- [WHAT TO PRODUCE]
The lines below from the one with "BRACCIALE DODO STYLE" up to and including the one with "Drawing Incursio Tatsumi" are what you should set down, exactly and without pictures.

- [EXTRACTED INFORMATION]
=======

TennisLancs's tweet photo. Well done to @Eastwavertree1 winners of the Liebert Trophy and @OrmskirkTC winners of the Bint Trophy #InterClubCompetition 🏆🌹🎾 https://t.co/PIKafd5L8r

=======

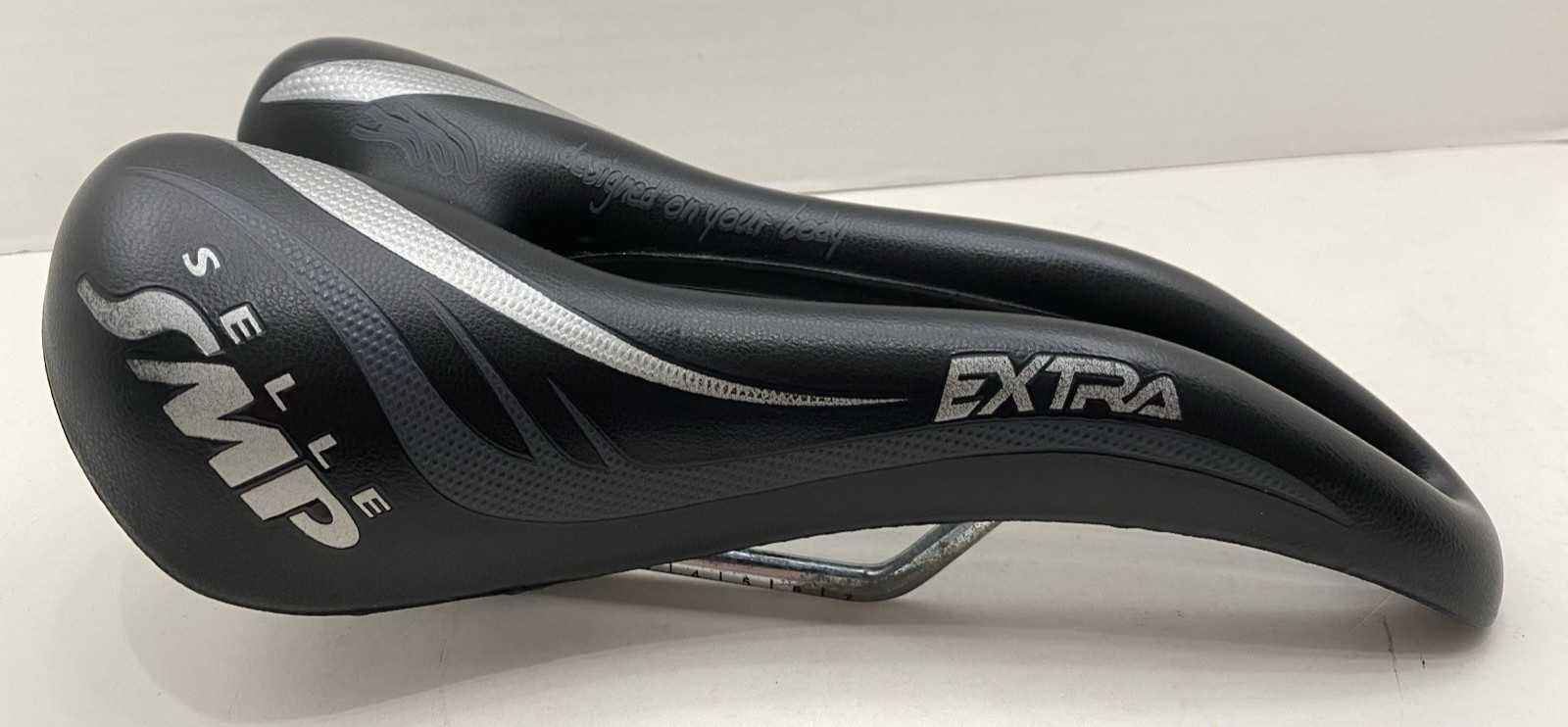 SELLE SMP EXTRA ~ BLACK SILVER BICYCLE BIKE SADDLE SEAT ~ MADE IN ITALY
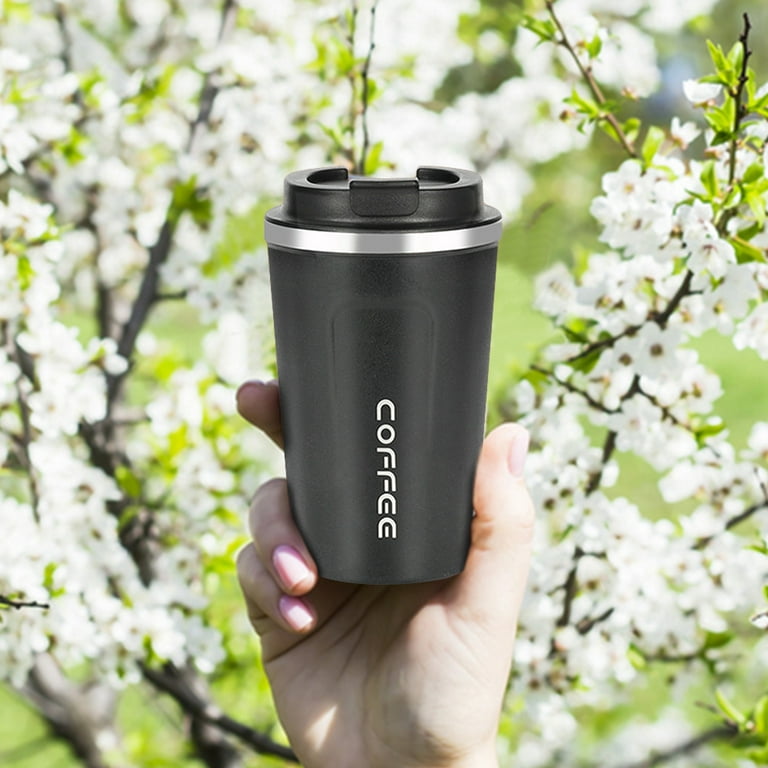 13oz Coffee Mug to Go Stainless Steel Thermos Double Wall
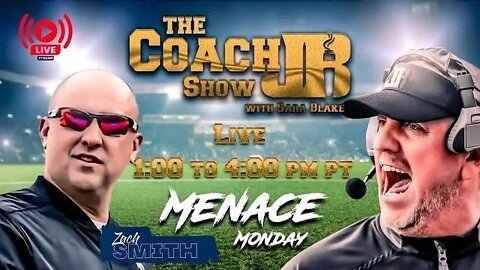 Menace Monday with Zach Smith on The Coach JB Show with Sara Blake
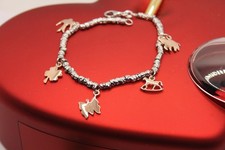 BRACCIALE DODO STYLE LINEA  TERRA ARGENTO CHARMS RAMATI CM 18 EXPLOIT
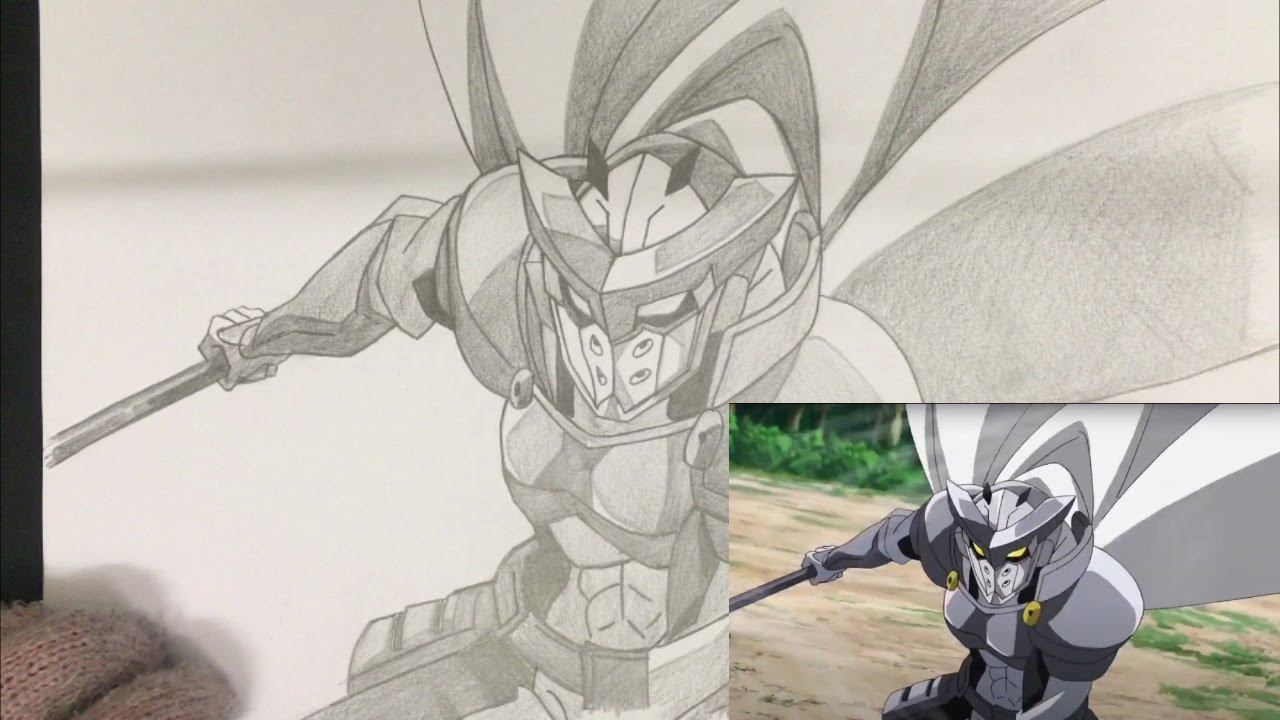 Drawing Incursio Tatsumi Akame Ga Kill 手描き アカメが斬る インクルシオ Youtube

=======

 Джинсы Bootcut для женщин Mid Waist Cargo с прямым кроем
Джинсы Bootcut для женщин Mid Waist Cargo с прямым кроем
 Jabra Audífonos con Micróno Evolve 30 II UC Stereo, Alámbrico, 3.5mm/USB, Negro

=======

- [TASK RESULT]
 BRACCIALE DODO STYLE LINEA  TERRA ARGENTO CHARMS RAMATI CM 18 EXPLOIT
 Drawing Incursio Tatsumi Akame Ga Kill 手描き アカメが斬る インクルシオ Youtube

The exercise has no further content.